A mother recently self-immolated (not sure if that is correct English) as a protest. This appened here in Astana, in the reception area of the Nur Otan offices. Nur Otan is the dominant political party in Kzaakhstan. KZBlog covers this story well here. Whether this form of protest came to the lady’s mind from the recent uprising in Tunisia, or perhaps going back to the Vietnam era protest by monks, she must have literally been at her wits’ end to come to this decision. Her son was convicted of a crime, and she felt that there was no possible way for him to receive proper justice. It is worth reading through the comments at the Zakon.kz article on this. If your Russian reading skills are as slow and rusty as mine, Google Translate the text or use Chrome, which should offer to translate it automatically.
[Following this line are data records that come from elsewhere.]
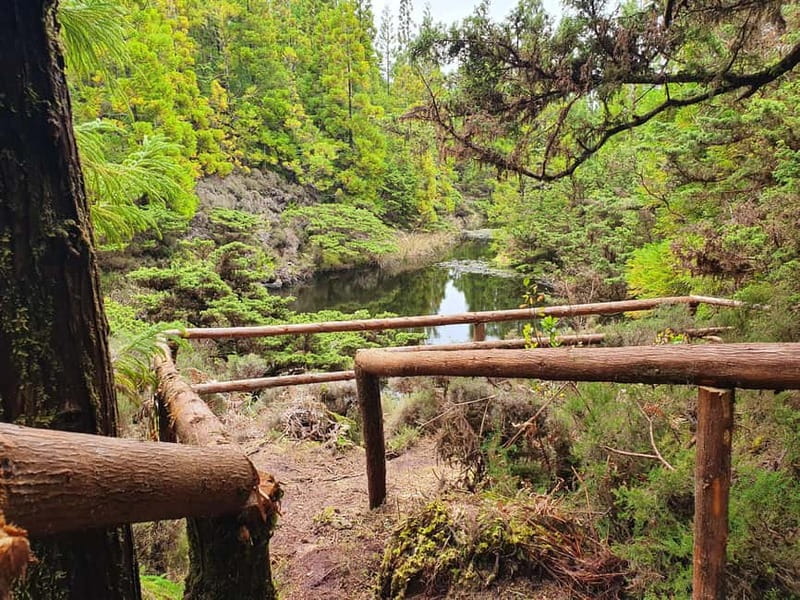 Terceira Island: Mistérios Negros Hike + Picnic + Biscoitos - How the Guide Changes the Experience (Antonio and Pedro as Examples)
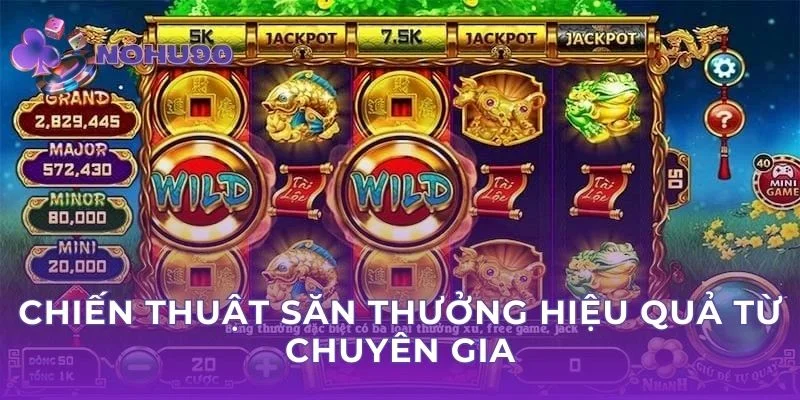 Chiến thuật săn thưởng hiệu quả từ chuyên gia
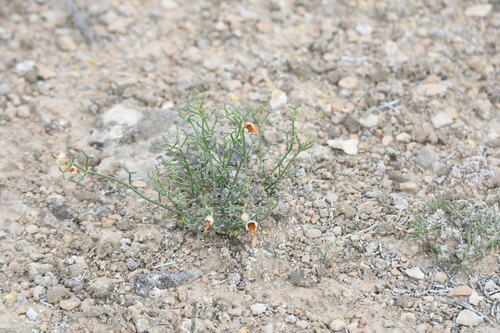 Zygophyllum turcomanicum (Zygophyllum turcomanicum)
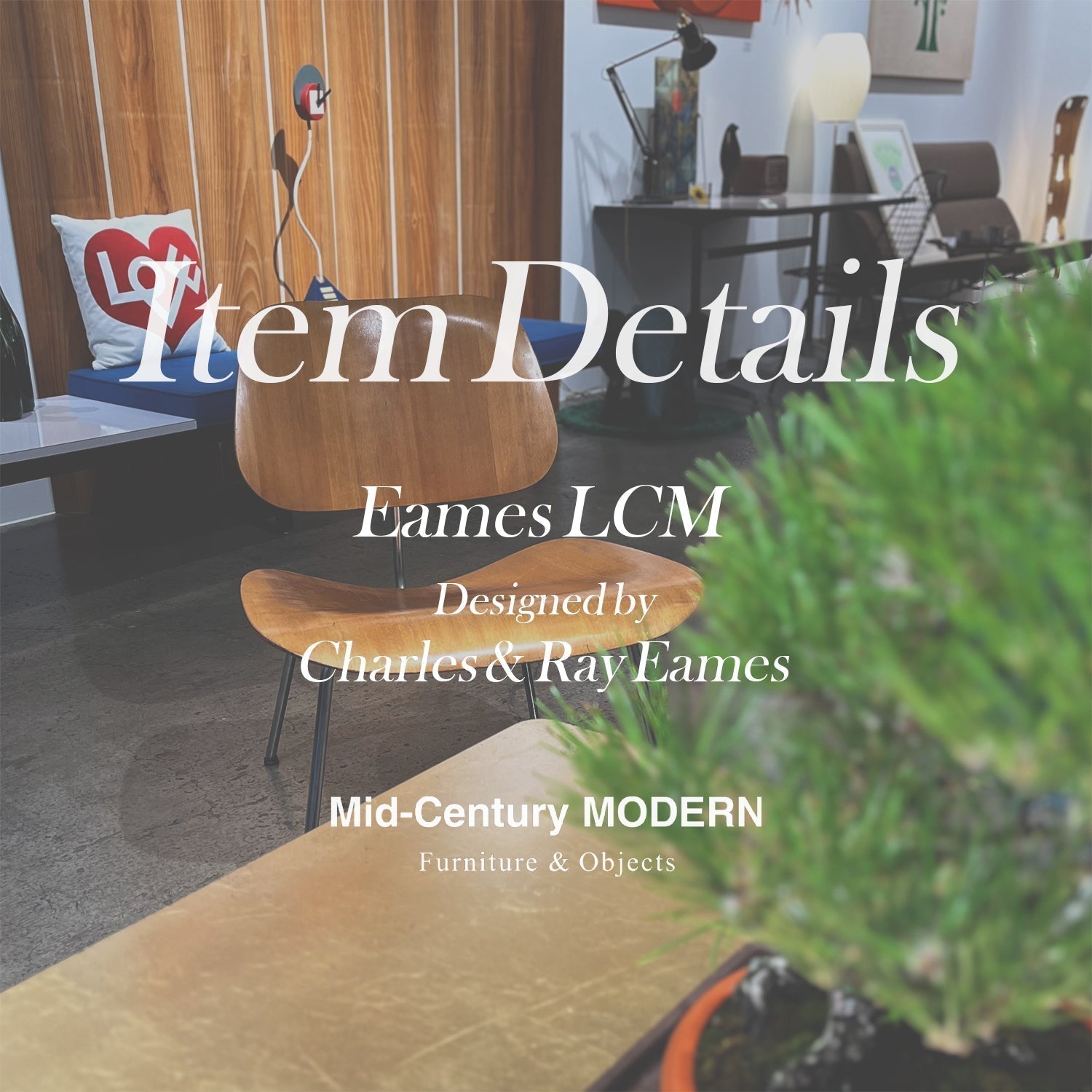 Item Detailes LCM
Then last week a man in Aktobe set himself alight to protest the authorities’ investigation into the murder of his nephew. Where as the Astana woman was protesting her son’s innocence (which some people have called into question), the man in Aktobe was obviously very unhappy with the lack of progress in catching the killers of his nephew. You can read more here.

Over in the West of Kazakhstan, two policemen were killed in Shubarshi. In reply, the police began an operation against an armed gang, though it is not yet clear, or made public whether this group is an armed criminal gang, or a religious group that is armed. See Radio Free Europe‘s article. It was initially very hard to get any information on this incident, at least from Russian language/official sources.

I’m sad to see such violence occurring in this country – until fairly recently, it felt incredibly safe and secure here, especially when you look at the physical and political geography around us. Of course, given the huge size of Kazakhstan, and the infrequency of such events, visitors (and residents!) should probably not be overly concerned, however it makes sense to monitor independent news sources, and to make sure you are aware of, and respect, local customs, don’t start arguments (especially political or religious) with people you don’t know very well and finally, remember that despite the media coverage this violence has attracted, walking the streets of Astana itself is a lot safer (in many areas) than some parts of London!